The effect of style contradicts Li Tianguang’s (2012) claim that the use of de is more frequent in narrative and descriptive works than in news works. Similarly, the effect of sem-rel opposes the findings of Chen Zhenyu and Ye Jingting (2014), who suggest that body parts, as opposed to kinship terms, have a higher tendency to use the possessive marker de due to their higher controllability.

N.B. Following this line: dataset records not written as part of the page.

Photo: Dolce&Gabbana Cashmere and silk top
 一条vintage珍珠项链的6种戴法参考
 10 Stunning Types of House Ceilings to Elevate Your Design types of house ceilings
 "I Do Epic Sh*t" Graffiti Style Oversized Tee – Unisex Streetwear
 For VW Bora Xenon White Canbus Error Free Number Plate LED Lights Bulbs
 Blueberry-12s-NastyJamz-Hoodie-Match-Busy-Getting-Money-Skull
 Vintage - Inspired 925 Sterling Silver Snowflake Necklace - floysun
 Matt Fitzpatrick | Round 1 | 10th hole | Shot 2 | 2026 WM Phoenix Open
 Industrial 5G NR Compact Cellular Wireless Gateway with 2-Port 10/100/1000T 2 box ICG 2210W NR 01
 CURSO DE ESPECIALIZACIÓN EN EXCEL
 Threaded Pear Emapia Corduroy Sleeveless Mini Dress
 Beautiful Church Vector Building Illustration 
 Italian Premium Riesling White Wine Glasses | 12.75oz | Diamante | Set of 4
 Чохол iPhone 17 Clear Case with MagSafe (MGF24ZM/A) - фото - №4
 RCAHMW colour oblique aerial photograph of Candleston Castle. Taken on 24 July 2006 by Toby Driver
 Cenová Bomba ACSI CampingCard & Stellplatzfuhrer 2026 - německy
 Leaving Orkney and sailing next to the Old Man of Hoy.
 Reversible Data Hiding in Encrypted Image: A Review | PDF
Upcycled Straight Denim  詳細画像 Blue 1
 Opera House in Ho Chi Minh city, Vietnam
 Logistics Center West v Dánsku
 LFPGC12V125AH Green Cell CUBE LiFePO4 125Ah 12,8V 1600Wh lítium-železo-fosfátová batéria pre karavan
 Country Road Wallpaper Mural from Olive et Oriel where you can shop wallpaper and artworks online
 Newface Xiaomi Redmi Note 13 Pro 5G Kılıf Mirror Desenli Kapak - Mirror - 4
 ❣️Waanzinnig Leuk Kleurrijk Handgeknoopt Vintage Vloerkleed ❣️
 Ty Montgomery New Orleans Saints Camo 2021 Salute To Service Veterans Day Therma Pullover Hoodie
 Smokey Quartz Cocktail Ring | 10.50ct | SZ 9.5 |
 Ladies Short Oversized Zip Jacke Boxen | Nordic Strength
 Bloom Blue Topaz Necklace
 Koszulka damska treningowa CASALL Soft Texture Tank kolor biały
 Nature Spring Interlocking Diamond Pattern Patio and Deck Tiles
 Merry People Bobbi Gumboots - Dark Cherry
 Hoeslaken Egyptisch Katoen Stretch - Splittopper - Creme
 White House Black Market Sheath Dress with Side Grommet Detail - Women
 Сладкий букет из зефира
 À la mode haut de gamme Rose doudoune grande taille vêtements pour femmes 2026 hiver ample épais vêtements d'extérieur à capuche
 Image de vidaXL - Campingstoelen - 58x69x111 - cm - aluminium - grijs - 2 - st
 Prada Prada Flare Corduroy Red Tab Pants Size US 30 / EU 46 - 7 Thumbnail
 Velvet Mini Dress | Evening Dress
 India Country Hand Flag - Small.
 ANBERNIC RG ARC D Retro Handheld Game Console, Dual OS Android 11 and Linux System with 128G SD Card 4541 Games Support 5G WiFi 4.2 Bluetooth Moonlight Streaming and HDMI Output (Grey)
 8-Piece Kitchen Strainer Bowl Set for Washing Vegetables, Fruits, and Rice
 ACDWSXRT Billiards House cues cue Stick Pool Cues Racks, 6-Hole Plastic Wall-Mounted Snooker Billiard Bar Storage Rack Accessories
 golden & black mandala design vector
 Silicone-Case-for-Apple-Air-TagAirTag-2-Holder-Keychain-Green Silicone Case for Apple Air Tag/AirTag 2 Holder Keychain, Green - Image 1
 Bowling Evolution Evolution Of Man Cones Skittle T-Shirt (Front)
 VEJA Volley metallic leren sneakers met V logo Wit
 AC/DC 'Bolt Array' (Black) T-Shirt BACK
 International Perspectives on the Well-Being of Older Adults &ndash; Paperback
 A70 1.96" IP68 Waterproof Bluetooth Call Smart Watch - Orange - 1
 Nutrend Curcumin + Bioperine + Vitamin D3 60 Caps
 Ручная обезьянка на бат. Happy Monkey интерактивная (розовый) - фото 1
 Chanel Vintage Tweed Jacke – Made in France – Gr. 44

The effect of person is not directly related to the ‘potentiality of agency’ or the ‘extended animacy hierarchy’ of personal pronouns mentioned earlier. Instead, it can be explained by the principle of linguistic iconicity, where the distance between the speaker and the second/third person pronoun necessitates the use of de for reinforcement. Similarly, the effect of num_pp is not strongly associated with the differentiation of plural meanings 1 and 2 proposed by Chen Yu-Jie (2008). Rather, it can be interpreted in terms of de marking the attribute-head meaning rather than the appositive meaning between PP and noun.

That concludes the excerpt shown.